Pads' offense reverts to inert in 6-1 loss to Mets

As Jesus Guzman's drive headed to the left-field wall, it appeared the San Diego Padres were on their way to a comfortable first-inning lead.

Then Mike Baxter made a leaping catch and turned it into an inning-ending double play that held San Diego to a measly sacrifice fly.

"When the ball was hit, it looked like it might be a home run or at least off the wall," Padres manager Bud Black said.

San Diego never recovered.

Dillon Gee relaxed and struck out a career-high nine to lead the New York Mets over the Padres 6-1 Friday night.

A night after setting a season high for runs and hits (18) in an 11-5 win, San Diego reverted to the inert offense that has 151 runs through 47 games, the second-lowest total in the major leagues ahead of only Pittsburgh.

"Hopefully tomorrow will be more like yesterday and less like tonight," Chase Headley said.

Anthony Bass (2-5) allowed six runs — matching his season high — eight hits and three walks in 5 1-3 innings.

"Honestly, it's the best I felt all year," he said. "Every mistake I made they hit."

Bass was given a lead when Will Venable walked leading off and Yonder Alonso popped a single to left that put runners at the corners.

Baxter got a good read on Guzman's drive and made what he considered his best catch ever. Baxter then made a precise throw to shortstop Ronny Cedeno, who doubled up Alonso returning to first. Venable scored on the sacrifice fly.

"I think Yonder was being aggressive," Black said. "He overextended himself and couldn't get back."

Gee (4-3) allowed just the one run and four hits in seven innings, combining with Tim Byrdak and Ramon Ramirez on a four-hitter.

Following Sunday's 6-5 win at Toronto, Gee has wins in consecutive outings for the first time since he reeled off five in a row from May 13 to June 10 last year.

"That's what I want to be, is a consistent guy that you know what you're going to get every night out. Lately I haven't been that guy, and it really gets under my skin," Gee said. "I just feel my mechanics have been all out of whack. My right foot didn't know what my left foot was doing, and I just felt lost."

Lucas Duda hit a tying home run in the second, a solo drive off the front of the second deck in right. Consecutive doubles by Gee and Baxter put the Mets ahead in the third, just the second extra-base hit for Gee in 70 career at-bats. Kirk Nieuwenhuis followed with an RBI single for a 3-1 lead.

"That's another thing that was getting under my skin.

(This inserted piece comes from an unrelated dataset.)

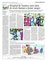 Suplemento 25-05-2016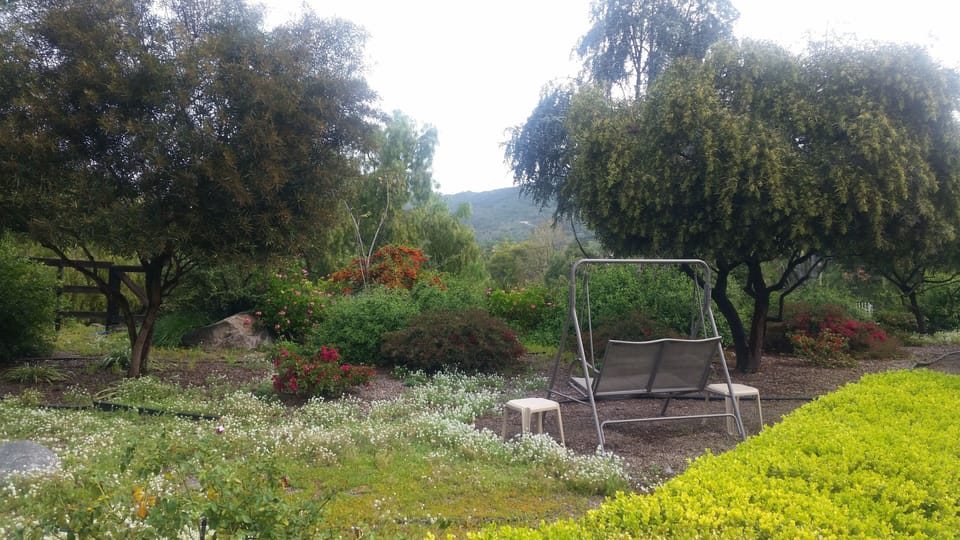 Enjoy  morning coffee or evening wine at our private garden with loveseat swing.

I didn't have a hit yet this year," said Gee, who had been 0 for 11. "I came in the dugout and I was just gasping for air."

Baxter was filled with praise for the Padres and their organization, and he was happy to see some of his former teammates.

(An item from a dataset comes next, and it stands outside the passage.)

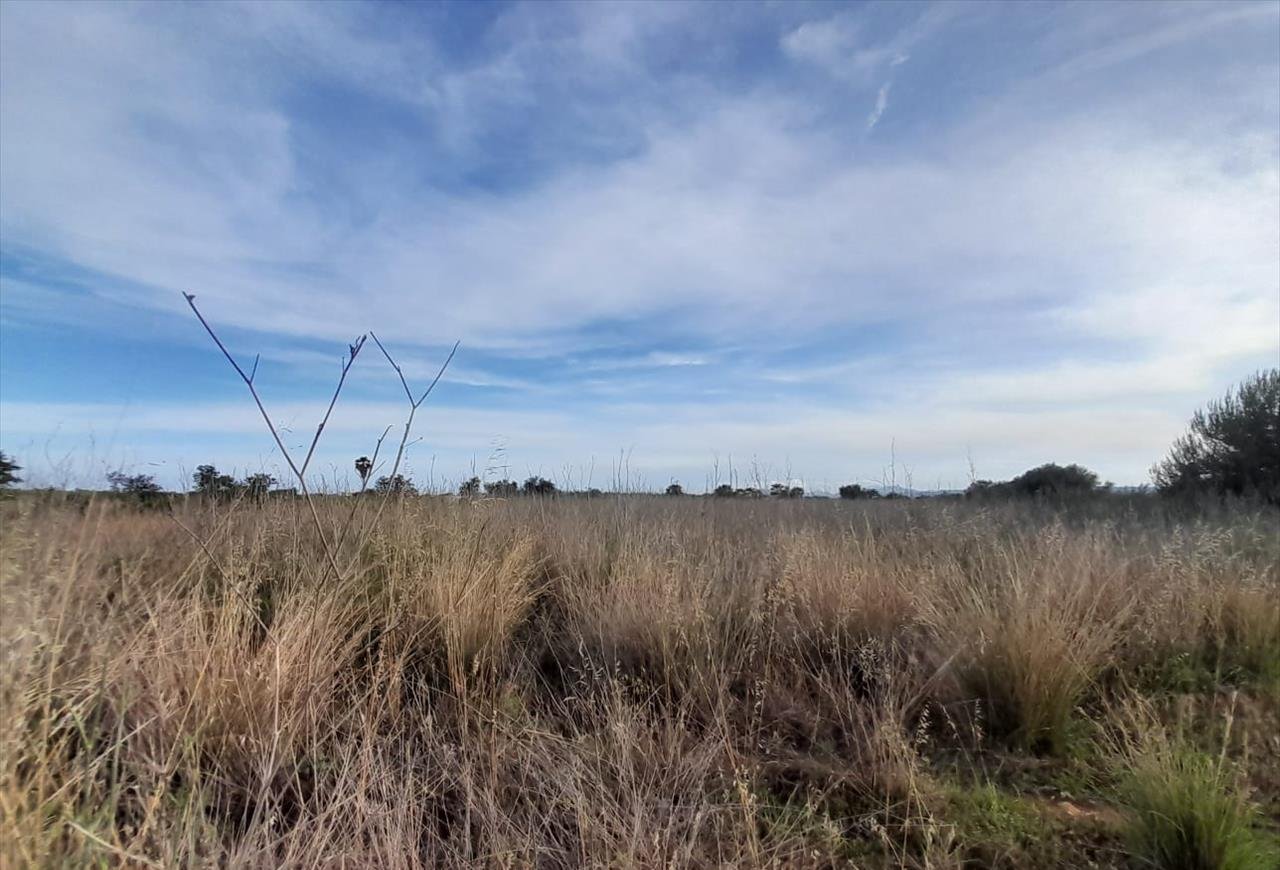 Terreno en venta en Oropesa, Castellón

"He's a solid, fundamentally sound player. I think our minor league people taught him well," Black said. "He's a bright kid, our minor league guys really liked him. The cool thing is when a guy comes back and plays in his hometown."

New York, which has split the first half of the four-game series, broke it open in the fifth when Daniel Murphy hit an RBI double and slumping Ike Davis hit a two-run single.

"When he needed to escape, he couldn't," Black said of Bass. "He was great in the first inning. Later on, he left a couple of balls over the plate, and they capitalized on them."

NOTES: Van Smith, a scout for the Padres since 1991, died Thursday at the age of 67. ... Carlos Quentin, still recovering from right knee surgery in spring training, was supposed to made a rehab appearance for Class A Lake Elsinore. He also played for the Storm on May 9 and 10. ... Black said that a ball Venable fouled off his foot hit him in the exact same spot he was hit earlier this week. "He's s fine," Black said.